Did you know that every person has an “odorprint”? Very much like a fingerprint, it is a unique aspect made up of thousands of organic compounds, revealing age, genetics, lifestyle, hometown, and even metabolic processes that determine our health. To make this sound less like hipster nonsense, Halitosis is a common complaint among one-third of the population. While halitosis is mostly caused by having bacteria in your mouth, it also can act as a biomarker for various systemic diseases, such as diabetes, kidney problems, rheumatic fever, as well as pancreatic complications such as cancer. And while a physician can stick his nose in your mouth, it doesn’t necessarily mean that they’ll be able to diagnose you correctly. Even specially trained dogs who have can sniff out cancer, they are still dogs, and may even misdiagnose a case. Researchers have been trying for decades to make inexpensive odor sensors for quick, reliable and noninvasive diagnoses, and there is finally a product close to succeeding.
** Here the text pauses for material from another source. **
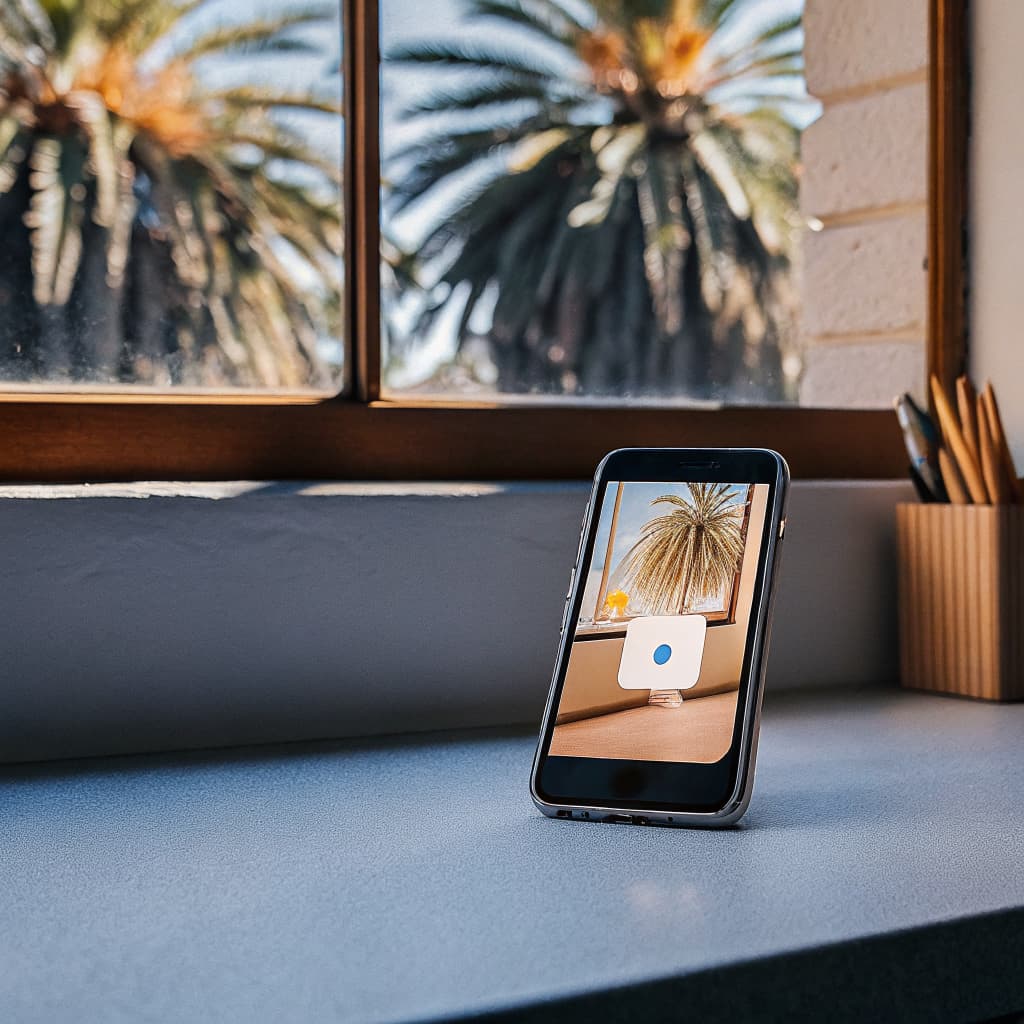 Smartphone with a live chat screen near a window with Florida palm trees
“You’re seeing a convergence of technology now, so we can actually run large-scale clinical studies to get the data to prove odor analysis has real utility,” said Billy Boyle, co-founder and president of operations at Owlstone, a manufacturer of chemical sensors in Cambridge, England.
Mr. Boyle, formed Owlstone with two friends in 2004 to develop sensors for chemical weapons and explosives. However, when his wife, the late Kate Gross, was diagnosed with colon cancer in 2012, his focus shifted to medical sensors with an emphasis on cancer detection. Owlstone has raised $23.5 million towards its odor analysis technology, and Britain’s National Health Service is funding a 3,000-subject clinical trial to test their sensor to help diagnose lung cancer. There is also a 1,400-subject clinical trial in collaboration with the University of Warwick to detect colon cancer from urine samples, and Owlstone is also testing whether the chip can help determine different drugs for asthma patients.
The sensor itself is a small silicon chip no larger than a phone’s SIM card, layered with various metals and tiny gold electrodes. How it works is the odor molecules are first ionized, and then an electric current is used to move only chemicals of diagnostic interest through the channels etched in the chip.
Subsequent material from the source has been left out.